The following sections describe the different stages of the filtering process, and the sources available at those stages:
At the Setup stage, the filter is set up but cannot yet obtain information about the resource’s URL or content.
At the MetaData stage, the robot encounters a URL for a resource but it has not downloaded the resource’s content. Thus information is available about the URL as well as data that is derived from other sources such as the filter.conf file. At this stage, however, information about the content of the resource is not available.
Table 12–2 Sources Available to the RAFs at the MetaData Phase
Source |
Description |
Example |
---|---|---|
csid |
Catalog server ID |
x-catalog//budgie.siroe.com:8086/alexandria |
depth |
Number of links traversed from starting point |
10 |
enumeration filter |
Name of enumeration filter |
enumeration1 |
generation filter |
Name of generation filter |
generation1 |
host |
Host portion of URL |
home.siroe.com |
IP |
Numeric version of host |
198.95.249.6 |
protocol |
Access portion of the URL |
http, https, ftp, file |
path |
Path portion of the URL |
/, /index.html, /documents/listing.html |
URL |
Complete URL |
http://developer.siroe.com/docs/manuals/ |
At the Data stage, the robot has downloaded the content of the resource at the URL and can access data about the content, such as the description and the author.
If the resource is an HTML file, the Robot parses the <META> tags in the HTML headers. Consequently, any data contained in <META> tags is available at the Data stage.

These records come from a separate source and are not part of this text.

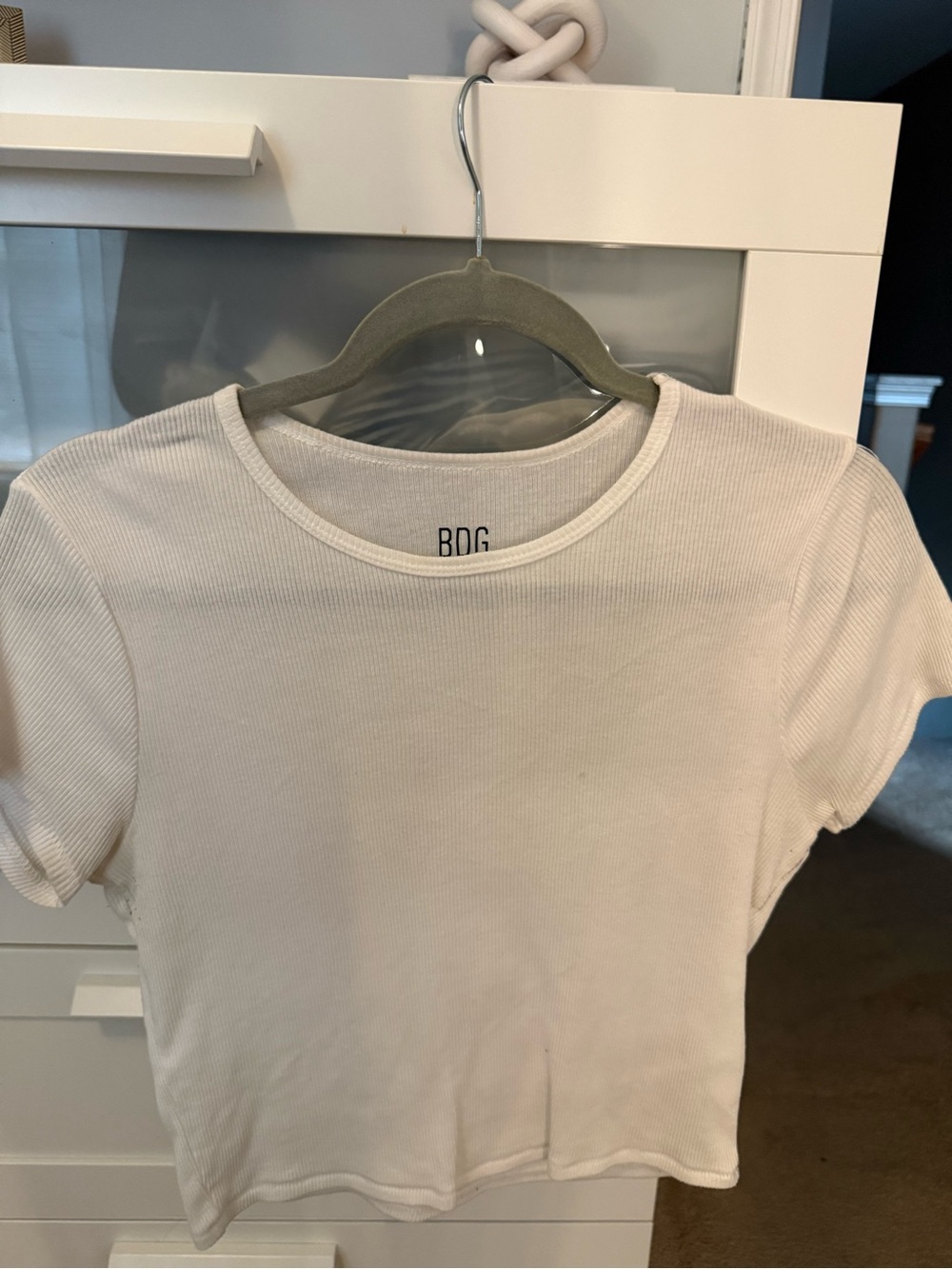 Urban Outfitters-White Ribbed Tee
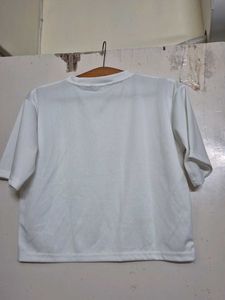 White Crop T-Shirt with Butterfly Print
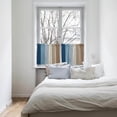 thumbnail image 4 of 24 Inch Long Tier Curtains for Kitchen, Retro Farmhouse Blue and Brown Ombre Wood Grain Bathroom Window Curtains Rod Pocket Short Curtains Window Treatment Tiers for Living Room Farmhouse 2 Panels, 4 of 5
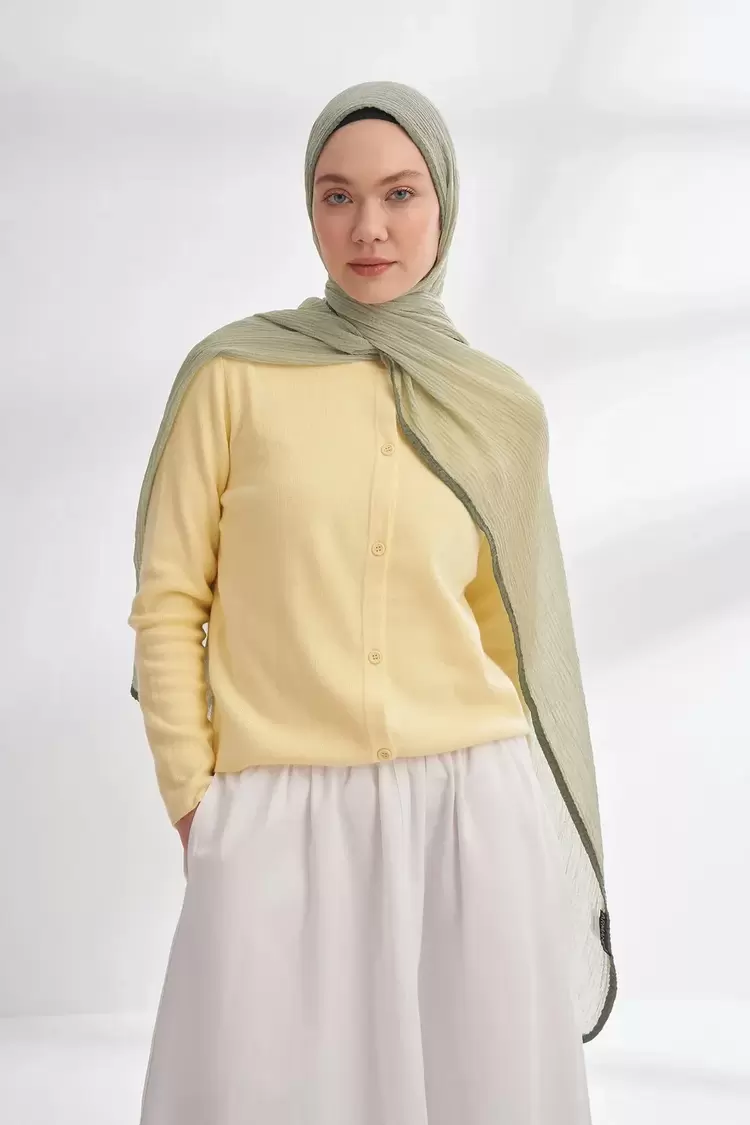 ARMANDA - 3352 Müslin Biyeli Şal - KETEN YEŞİLİ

During the Data phase, the following sources are available to RAFs, in addition to those available during the MetaData phase.
Table 12–3 Sources Available to the RAFs at the Data Phase
Source |
Description |
Example |
---|---|---|
content-charset |
Character set used by the resource | |
content-encoding |
Any form of encoding | |
content-length |
Size of the resource in bytes | |
content-type |
MIME type of the resource |
text/html, image/jpeg |
expires |
Date the resource expires | |
last-modified |
Date the resource was last modified | |
data in <META> tags |
Any data that is provided in <META> tags in the header of HTML resources |
Author, Description, Keywords |
All of these sources except for the data in <META> tags are derived from the HTTP response header returned when retrieving the resource.
At the Enumeration and Generation stages, the same data sources are available as in the Data stage. See Table 12–3 for information.
At the Shutdown stage, the filter completes its filtering and shuts down. Although functions written for this stage can use the same data sources as those available at the Data stage, the shutdown functions typically restrict their operations to robot shutdown and clean-up activities.
Each function can have an enable property. The values can be true, false, on, or off. The management console uses these parameters to turn certain directives on or off.
The following example enables enumeration for text/html and disables enumeration for text/plain:
# Perform the enumeration on HTML only Enumerate enable=true fn=enumerate-urls max=1024 type=text/html Enumerate enable=false fn=enumerate-urls-from-text max=1024 type=text/plain |
Adding an enable=false property or an enable=off property has the same effect as commenting the line. These properties are used because the management console does not write comments.